Elections were held in  the National Capital Region (Metro Manila) for seats in the House of Representatives of the Philippines on May 10, 2010.

The candidate with the most votes won that district's seat for the 15th Congress of the Philippines.

Summary
*includes Partido Navoteño and Partido Magdiwang.**excludes joint KKK/Liberal Party ticket.

Caloocan

1st District
Oscar Malapitan is the incumbent.

2nd District
Mitzi Cajayon is the incumbent.

The result of the election is under protest in the House of Representatives Electoral Tribunal.

Las Piñas

Incumbent Cynthia Villar is in her third consecutive term and is ineligible for reelection; her son Mark is her party's nominee for the seat.

Makati

1st District
Incumbent Teodoro Locsin, Jr. is in his third consecutive term already and is ineligible for reelection; Makati councilor Monique Lagdameo is his party's nominee although his wife Maria Lourdes is the Liberal Party's nominee for the seat.

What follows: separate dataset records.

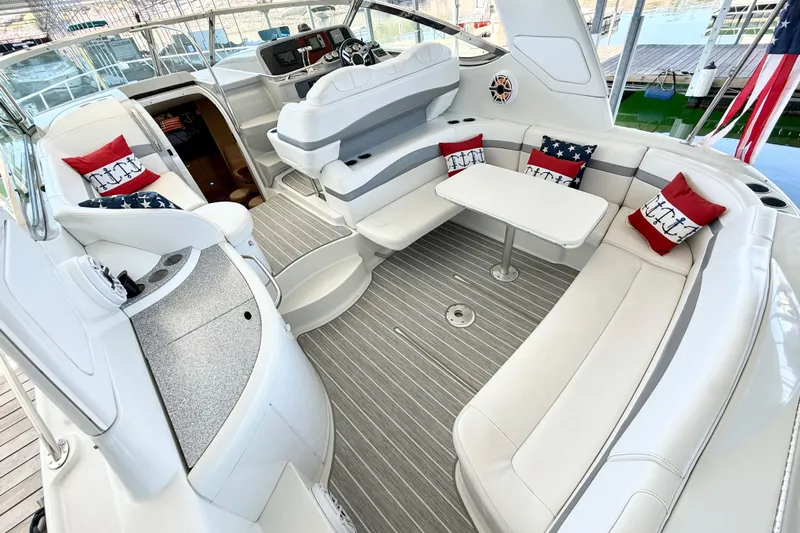 Yachtsea Yacht Photos Pics 2004 Formula 40 Performance Cruiser interior with white seating and nautical-themed cushions.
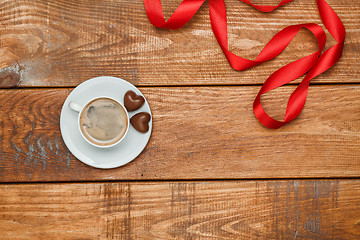 Image showing The red  ribbon on  wooden background with a cup of coffee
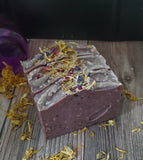 Purple soap with speckles and botanicals on top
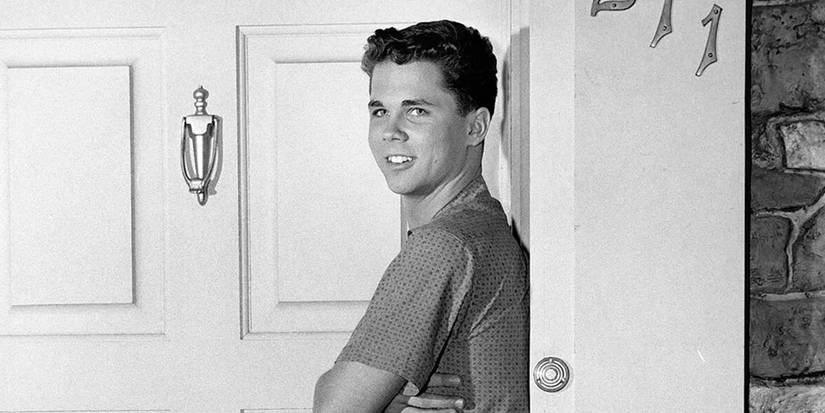Wally standing by a door in Leave It To Beaver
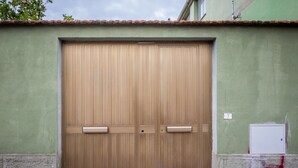 A large, closed wooden door with a green wall and a tiled roof. - An elegant suite within a multi-unit property, ideal for two guests, featuring ground-floor access (with a single step at the entrance).The property is located in the center of Selargius—a town situated approximately 6.5 km from Cagliari’s city cente (Selargius)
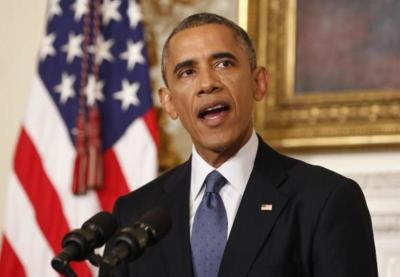 U.S. President Barack Obama talks about the humanitarian relief situation in Iraq, at the State Dining Room of the White House in Washington August 7, 2014.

The result of the election is under protest in the House of Representatives Electoral Tribunal.

2nd District
Abigail Binay is the incumbent.

The result of the election is under protest in the House of Representatives Electoral Tribunal.

Malabon

Malabon will elect their representative alone for the first time. Previously, they were a part of the Legislative district of Malabon-Navotas. Josephine Lacson-Noel is the last representative for the Malabon-Navotas district; she was seated after the House Electoral Tribunal ruled that she won the 2007 election over Alvin Sandoval after a recount.

Mandaluyong

Incumbent Neptali Gonzales II transferred from Lakas-Kampi-CMD to the Liberal Party and is running unopposed.

Manila

The Kapayapaan, Kaunlaran at Katarungan party headed by incumbent mayor and candidate Alfredo Lim is in coalition with the Liberal Party, although candidate and former mayor Lito Atienza's certificate of candidacy states that he is the Liberal Party's candidate for mayor. The COMELEC eventually classified Atienza as an independent.

1st District
Incumbent Benjamin Asilo is also co-nominated by the KKK. Arlene Koa is co-nominated by Asenso Manileño. Former representative Ernesto Nieva, who was supposed to run again under Lakas-Kampi-CMD, died on February 16, 2010, due to cardiac arrest. His daughter Mina was designated as a candidate by substitution.

2nd District
Jaime Lopez of Lakas Kampi CMD is the incumbent, but he is ineligible for re-election since he is on his third consecutive term already. His party didn't nominate anyone in this district; his son Carlo is co-nominated by the Liberal Party and the KKK.

3rd District
Zenaida Angping is the incumbent.

4th District
Trisha Bonoan-David is the incumbent.

5th District
Despite under Atienza's Buhayin ang Maynila ticket, which is supported by the Joseph Estrada-led Pwersa ng Masang Pilipino, incumbent Amado Bagatsing is the nominee of both Lakas-Kampi-CMD and local party Kabalikat ng Bayan sa Kaunlaran (KABAKA). Rep. Bagatsing later joined the Liberal Party but he is under Lakas-Kampi-CMD at the time of election.

6th District
Despite under Atienza's Buhayin ang MayniLA ticket, which is supported by the Joseph Estrada-led Pwersa ng Masang Pilipino, incumbent Benny M. Abante is Lakas-Kampi-CMD's nominee in the district.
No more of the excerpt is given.